There are, perhaps, no streets more different in Guelph than Alice Street and Woodlawn Road.
On Alice, a jumble of brick houses have been built up to the edge of the street. Before the rise of big box, Alice Street was a hybrid residential-commercial thoroughfare and the heart of the Italian community with general stores and shoe shops in its reconfigured houses. Many of these shops have since turned back into houses, but have been forever distinguished by their past modifications. The effect is an incredibly unique streetscape, like I’ve never seen before, a street of houses with unique DIY renovations, where neighbours hang out on front porches, cars drive slow – the feeling of village and the height of urbanity.

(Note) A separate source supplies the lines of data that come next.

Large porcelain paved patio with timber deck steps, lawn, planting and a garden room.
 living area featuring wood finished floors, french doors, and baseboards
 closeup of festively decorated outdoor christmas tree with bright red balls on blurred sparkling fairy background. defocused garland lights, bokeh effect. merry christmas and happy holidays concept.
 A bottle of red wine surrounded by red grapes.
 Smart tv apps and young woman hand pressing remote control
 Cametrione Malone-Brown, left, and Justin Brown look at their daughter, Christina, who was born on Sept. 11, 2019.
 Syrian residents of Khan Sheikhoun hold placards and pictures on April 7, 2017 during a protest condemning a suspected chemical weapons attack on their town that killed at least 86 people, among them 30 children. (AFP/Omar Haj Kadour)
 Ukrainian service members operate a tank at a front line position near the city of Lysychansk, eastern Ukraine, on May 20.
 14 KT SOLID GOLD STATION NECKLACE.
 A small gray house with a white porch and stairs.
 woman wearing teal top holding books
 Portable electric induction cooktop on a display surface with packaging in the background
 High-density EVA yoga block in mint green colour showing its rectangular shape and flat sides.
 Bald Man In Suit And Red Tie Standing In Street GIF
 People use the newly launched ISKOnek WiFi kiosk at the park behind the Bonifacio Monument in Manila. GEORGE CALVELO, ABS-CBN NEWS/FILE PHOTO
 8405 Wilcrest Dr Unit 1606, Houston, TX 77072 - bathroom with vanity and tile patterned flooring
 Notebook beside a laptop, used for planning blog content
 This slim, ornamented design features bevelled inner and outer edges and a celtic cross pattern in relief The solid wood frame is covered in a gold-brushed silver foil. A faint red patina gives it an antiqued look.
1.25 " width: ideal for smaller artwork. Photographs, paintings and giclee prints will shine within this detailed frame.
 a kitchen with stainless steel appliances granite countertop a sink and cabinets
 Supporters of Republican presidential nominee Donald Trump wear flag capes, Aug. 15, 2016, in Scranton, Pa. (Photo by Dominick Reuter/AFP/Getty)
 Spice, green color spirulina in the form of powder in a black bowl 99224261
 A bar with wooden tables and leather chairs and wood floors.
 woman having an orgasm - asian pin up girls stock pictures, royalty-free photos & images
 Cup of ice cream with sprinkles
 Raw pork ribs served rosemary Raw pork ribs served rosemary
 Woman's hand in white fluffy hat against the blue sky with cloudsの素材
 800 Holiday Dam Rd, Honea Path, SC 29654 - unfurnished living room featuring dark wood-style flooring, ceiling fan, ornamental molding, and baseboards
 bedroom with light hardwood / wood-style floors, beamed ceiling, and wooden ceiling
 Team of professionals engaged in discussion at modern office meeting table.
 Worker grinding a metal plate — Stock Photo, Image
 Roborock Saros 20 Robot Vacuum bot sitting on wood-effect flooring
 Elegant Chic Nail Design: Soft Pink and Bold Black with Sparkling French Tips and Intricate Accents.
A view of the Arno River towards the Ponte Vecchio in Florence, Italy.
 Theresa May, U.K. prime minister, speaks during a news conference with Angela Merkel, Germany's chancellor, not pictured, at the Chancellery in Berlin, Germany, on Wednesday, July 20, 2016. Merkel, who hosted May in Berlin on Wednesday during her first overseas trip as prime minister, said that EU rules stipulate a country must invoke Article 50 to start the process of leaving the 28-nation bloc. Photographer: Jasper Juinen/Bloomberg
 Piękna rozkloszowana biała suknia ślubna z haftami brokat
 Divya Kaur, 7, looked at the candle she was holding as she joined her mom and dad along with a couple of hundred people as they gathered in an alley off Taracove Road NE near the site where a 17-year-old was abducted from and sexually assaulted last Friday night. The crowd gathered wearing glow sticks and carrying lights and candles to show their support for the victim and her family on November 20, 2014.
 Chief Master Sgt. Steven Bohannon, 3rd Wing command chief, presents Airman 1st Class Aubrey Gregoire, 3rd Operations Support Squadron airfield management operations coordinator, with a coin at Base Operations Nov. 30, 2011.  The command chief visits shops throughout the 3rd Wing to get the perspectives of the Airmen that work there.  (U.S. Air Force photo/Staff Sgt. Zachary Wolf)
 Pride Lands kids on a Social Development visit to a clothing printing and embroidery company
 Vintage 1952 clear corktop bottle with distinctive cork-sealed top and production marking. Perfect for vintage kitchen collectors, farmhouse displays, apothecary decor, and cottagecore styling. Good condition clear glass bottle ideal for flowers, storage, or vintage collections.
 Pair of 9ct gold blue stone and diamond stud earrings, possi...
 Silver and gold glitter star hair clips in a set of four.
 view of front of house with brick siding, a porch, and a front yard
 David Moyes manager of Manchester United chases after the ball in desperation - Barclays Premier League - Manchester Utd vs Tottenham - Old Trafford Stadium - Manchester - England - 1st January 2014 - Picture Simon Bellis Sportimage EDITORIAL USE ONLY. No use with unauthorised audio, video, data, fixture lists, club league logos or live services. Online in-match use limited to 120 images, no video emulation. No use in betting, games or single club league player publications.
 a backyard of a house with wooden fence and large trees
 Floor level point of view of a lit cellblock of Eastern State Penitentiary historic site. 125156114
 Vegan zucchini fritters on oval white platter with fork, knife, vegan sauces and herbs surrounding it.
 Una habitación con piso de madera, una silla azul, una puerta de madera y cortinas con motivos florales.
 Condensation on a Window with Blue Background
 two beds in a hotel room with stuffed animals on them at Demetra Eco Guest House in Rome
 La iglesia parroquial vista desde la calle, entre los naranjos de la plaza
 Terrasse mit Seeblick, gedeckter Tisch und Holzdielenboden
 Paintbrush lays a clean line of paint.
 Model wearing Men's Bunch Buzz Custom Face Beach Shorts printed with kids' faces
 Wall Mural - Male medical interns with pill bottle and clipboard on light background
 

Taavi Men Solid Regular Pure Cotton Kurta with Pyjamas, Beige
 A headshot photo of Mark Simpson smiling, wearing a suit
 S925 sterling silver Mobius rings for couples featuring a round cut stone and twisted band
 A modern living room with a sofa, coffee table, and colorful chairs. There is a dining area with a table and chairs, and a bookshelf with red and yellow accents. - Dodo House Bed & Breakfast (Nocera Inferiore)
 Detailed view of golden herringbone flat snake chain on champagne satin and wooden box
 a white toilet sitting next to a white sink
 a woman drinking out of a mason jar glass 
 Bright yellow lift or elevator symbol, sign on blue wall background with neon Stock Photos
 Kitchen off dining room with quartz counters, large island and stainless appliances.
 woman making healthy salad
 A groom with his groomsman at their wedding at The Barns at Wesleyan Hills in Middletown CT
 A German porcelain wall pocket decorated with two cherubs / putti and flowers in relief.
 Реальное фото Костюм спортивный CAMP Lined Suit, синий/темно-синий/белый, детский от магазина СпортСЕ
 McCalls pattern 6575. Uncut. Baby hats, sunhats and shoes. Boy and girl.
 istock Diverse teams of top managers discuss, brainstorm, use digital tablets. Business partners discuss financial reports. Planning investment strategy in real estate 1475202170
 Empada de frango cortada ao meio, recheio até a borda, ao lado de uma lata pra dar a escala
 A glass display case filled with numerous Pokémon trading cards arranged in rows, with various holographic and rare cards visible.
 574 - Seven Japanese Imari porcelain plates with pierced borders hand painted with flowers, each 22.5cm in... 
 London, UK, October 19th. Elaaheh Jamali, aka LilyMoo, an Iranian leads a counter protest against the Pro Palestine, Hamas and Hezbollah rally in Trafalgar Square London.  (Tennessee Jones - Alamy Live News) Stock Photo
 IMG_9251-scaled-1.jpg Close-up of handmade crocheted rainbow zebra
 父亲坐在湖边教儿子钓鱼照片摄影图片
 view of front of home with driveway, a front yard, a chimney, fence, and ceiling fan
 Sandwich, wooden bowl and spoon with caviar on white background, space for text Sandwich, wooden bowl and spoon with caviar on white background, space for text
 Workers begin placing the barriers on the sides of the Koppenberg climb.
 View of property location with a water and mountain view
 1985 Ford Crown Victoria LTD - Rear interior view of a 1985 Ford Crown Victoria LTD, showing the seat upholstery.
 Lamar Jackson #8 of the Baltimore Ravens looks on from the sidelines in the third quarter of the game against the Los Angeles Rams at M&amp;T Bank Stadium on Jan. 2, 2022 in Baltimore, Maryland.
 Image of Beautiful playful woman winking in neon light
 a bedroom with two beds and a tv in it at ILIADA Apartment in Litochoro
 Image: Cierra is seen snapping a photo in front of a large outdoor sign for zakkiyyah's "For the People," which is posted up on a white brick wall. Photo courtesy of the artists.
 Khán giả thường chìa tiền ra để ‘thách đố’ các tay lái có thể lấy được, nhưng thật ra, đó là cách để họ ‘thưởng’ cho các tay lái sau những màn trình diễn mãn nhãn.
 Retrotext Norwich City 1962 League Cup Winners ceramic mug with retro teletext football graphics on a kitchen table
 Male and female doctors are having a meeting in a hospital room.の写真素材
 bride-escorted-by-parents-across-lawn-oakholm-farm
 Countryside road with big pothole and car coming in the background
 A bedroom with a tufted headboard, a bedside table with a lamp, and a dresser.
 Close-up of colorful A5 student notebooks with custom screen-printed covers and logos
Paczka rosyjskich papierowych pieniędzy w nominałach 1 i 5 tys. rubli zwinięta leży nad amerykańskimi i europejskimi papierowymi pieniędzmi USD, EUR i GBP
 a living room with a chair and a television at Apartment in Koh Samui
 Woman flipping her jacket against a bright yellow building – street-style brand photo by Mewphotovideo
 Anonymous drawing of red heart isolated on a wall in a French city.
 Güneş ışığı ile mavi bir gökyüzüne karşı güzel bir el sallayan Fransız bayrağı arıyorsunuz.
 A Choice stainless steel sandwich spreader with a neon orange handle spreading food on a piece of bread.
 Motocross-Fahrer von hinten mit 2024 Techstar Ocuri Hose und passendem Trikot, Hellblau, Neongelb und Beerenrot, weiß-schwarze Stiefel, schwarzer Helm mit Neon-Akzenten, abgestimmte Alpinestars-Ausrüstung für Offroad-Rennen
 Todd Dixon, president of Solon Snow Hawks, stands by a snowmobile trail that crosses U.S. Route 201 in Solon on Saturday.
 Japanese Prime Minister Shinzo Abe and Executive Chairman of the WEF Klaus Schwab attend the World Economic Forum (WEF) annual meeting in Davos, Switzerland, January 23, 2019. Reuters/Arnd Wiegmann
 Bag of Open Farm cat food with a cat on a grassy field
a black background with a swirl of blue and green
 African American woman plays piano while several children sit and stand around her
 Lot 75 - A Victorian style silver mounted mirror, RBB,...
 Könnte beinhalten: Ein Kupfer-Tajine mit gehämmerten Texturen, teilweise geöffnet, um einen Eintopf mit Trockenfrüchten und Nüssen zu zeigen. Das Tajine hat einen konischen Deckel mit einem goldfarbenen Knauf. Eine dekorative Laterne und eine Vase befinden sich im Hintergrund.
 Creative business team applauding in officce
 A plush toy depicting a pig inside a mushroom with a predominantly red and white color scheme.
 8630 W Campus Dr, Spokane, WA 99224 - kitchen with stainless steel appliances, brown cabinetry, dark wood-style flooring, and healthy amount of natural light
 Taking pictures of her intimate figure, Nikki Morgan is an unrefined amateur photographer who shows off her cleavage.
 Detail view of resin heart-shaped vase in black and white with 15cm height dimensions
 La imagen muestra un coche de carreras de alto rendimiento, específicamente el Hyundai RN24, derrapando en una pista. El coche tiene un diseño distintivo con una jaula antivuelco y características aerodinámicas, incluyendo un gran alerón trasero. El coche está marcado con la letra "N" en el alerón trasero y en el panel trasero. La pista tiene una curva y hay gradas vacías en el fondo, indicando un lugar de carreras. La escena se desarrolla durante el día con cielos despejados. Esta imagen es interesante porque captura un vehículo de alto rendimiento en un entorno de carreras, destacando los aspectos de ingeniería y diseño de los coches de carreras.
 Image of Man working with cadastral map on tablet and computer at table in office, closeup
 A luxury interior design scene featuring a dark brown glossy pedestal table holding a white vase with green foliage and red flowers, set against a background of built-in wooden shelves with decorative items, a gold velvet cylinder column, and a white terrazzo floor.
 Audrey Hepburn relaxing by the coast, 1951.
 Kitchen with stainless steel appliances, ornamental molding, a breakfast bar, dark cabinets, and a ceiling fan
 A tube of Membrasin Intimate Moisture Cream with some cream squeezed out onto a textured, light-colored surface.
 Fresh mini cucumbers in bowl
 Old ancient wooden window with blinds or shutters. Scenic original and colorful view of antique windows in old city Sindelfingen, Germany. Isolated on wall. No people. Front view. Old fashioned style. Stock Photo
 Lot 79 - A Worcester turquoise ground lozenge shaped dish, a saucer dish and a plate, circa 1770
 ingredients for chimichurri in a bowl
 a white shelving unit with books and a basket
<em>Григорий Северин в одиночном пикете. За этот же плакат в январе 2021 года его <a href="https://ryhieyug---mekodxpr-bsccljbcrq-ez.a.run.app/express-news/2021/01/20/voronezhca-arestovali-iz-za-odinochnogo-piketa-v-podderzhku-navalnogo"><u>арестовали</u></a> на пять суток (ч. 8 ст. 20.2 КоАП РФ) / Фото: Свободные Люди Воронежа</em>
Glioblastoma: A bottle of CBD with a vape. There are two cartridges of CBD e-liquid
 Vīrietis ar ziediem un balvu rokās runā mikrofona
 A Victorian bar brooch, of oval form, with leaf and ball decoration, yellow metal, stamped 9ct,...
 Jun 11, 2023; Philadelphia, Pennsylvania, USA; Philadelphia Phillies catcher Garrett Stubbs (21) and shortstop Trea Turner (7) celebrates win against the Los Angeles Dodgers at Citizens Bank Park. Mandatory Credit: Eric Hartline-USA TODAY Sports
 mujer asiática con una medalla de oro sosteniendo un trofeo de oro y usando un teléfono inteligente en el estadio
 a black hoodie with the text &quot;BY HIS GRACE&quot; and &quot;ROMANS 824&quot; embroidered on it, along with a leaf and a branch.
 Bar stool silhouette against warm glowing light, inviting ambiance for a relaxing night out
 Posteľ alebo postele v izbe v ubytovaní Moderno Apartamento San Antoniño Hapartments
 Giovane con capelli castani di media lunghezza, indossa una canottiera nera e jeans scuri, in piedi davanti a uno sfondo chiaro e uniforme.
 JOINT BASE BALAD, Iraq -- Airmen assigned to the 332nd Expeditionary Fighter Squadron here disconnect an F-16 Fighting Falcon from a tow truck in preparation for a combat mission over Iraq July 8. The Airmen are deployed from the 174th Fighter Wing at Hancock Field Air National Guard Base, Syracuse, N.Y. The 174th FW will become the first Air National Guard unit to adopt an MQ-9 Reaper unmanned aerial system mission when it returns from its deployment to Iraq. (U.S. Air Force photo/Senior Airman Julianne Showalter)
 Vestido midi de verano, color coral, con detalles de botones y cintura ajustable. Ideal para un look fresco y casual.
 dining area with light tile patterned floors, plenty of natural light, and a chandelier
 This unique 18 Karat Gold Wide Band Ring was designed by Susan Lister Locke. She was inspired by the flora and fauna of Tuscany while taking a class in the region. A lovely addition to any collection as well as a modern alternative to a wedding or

Those aforementioned big box stores – well, they eventually ended up on Woodlawn Road, a street at the northern edge of the city and home to Guelph’s Wal-Mart, Home Depot and various other gigantic corporate retailers.
Woodlawn is a street no one loves but everyone must visit eventually. When I first moved to Guelph, I ended up there countless times, dreading my visits but in need of inexpensive home items only sold there. Woodlawn is the typical non-place at the edge of every city in North America – characterized by the bright signs of fast food restaurants and the complete rejection of walking as a mode of transportation. There are no public gathering spaces on Woodlawn.
It’s easy to love Alice Street. It’s not so easy to love Woodlawn.
So I mapped both, trying to extend my love of place in general to a place that’s hard to love.
And of course, Woodlawn isn’t a non-place, it’s a real place. By choosing to create an illustrated map of it, I’m trying to find its essence beneath the concrete and beyond the international corporate crust that has founds its way there. By mapping Woodlawn, I discovered unique businesses, residential hold-outs, beautiful groves of trees and desire lines criss-crossing its railways.
The map of Woodlawn is an invitation to explore the Woodlawn Road of your city. Once you get out of your car and walk, it’s easy to find magic beyond the highways.